## [Action item]
An exact restatement of the records below is expected.

## [Data extract]

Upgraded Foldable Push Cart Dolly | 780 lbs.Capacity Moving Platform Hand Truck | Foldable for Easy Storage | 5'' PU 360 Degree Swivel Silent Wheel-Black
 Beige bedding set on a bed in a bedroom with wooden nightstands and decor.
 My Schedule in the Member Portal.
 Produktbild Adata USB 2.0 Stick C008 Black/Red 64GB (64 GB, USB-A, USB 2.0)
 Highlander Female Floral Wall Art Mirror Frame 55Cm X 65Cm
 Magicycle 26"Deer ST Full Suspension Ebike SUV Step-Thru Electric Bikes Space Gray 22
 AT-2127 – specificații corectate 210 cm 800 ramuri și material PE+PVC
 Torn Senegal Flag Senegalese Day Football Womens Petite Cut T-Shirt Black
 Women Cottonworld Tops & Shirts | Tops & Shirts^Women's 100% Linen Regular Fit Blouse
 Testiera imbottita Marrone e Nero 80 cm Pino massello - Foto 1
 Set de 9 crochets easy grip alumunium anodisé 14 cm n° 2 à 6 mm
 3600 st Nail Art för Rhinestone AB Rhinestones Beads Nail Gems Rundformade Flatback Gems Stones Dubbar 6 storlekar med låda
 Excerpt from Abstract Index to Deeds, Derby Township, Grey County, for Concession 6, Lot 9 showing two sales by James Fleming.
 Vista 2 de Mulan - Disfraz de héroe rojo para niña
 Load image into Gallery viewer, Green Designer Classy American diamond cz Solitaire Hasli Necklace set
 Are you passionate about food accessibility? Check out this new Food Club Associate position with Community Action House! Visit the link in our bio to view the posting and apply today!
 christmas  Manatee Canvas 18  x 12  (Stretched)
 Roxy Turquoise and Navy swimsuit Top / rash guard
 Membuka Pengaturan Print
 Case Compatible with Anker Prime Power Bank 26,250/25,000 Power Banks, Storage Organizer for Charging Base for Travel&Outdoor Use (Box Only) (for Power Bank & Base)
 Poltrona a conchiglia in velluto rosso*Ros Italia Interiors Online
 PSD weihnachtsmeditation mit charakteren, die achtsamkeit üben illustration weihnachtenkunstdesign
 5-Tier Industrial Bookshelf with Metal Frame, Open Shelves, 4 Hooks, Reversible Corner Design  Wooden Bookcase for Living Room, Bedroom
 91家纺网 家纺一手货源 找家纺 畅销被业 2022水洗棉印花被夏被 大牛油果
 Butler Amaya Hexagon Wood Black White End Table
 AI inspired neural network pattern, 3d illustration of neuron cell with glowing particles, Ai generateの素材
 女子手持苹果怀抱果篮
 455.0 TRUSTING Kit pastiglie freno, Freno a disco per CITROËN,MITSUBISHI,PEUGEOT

## [Your response]
Upgraded Foldable Push Cart Dolly | 780 lbs.Capacity Moving Platform Hand Truck | Foldable for Easy Storage | 5'' PU 360 Degree Swivel Silent Wheel-Black
 Beige bedding set on a bed in a bedroom with wooden nightstands and decor.
 My Schedule in the Member Portal.
 Produktbild Adata USB 2.0 Stick C008 Black/Red 64GB (64 GB, USB-A, USB 2.0)
 Highlander Female Floral Wall Art Mirror Frame 55Cm X 65Cm
 Magicycle 26"Deer ST Full Suspension Ebike SUV Step-Thru Electric Bikes Space Gray 22
 AT-2127 – specificații corectate 210 cm 800 ramuri și material PE+PVC
 Torn Senegal Flag Senegalese Day Football Womens Petite Cut T-Shirt Black
 Women Cottonworld Tops & Shirts | Tops & Shirts^Women's 100% Linen Regular Fit Blouse
 Testiera imbottita Marrone e Nero 80 cm Pino massello - Foto 1
 Set de 9 crochets easy grip alumunium anodisé 14 cm n° 2 à 6 mm
 3600 st Nail Art för Rhinestone AB Rhinestones Beads Nail Gems Rundformade Flatback Gems Stones Dubbar 6 storlekar med låda
 Excerpt from Abstract Index to Deeds, Derby Township, Grey County, for Concession 6, Lot 9 showing two sales by James Fleming.
 Vista 2 de Mulan - Disfraz de héroe rojo para niña
 Load image into Gallery viewer, Green Designer Classy American diamond cz Solitaire Hasli Necklace set
 Are you passionate about food accessibility? Check out this new Food Club Associate position with Community Action House! Visit the link in our bio to view the posting and apply today!
 christmas  Manatee Canvas 18  x 12  (Stretched)
 Roxy Turquoise and Navy swimsuit Top / rash guard
 Membuka Pengaturan Print
 Case Compatible with Anker Prime Power Bank 26,250/25,000 Power Banks, Storage Organizer for Charging Base for Travel&Outdoor Use (Box Only) (for Power Bank & Base)
 Poltrona a conchiglia in velluto rosso*Ros Italia Interiors Online
 PSD weihnachtsmeditation mit charakteren, die achtsamkeit üben illustration weihnachtenkunstdesign
 5-Tier Industrial Bookshelf with Metal Frame, Open Shelves, 4 Hooks, Reversible Corner Design  Wooden Bookcase for Living Room, Bedroom
 91家纺网 家纺一手货源 找家纺 畅销被业 2022水洗棉印花被夏被 大牛油果
 Butler Amaya Hexagon Wood Black White End Table
 AI inspired neural network pattern, 3d illustration of neuron cell with glowing particles, Ai generateの素材
 女子手持苹果怀抱果篮
 455.0 TRUSTING Kit pastiglie freno, Freno a disco per CITROËN,MITSUBISHI,PEUGEOT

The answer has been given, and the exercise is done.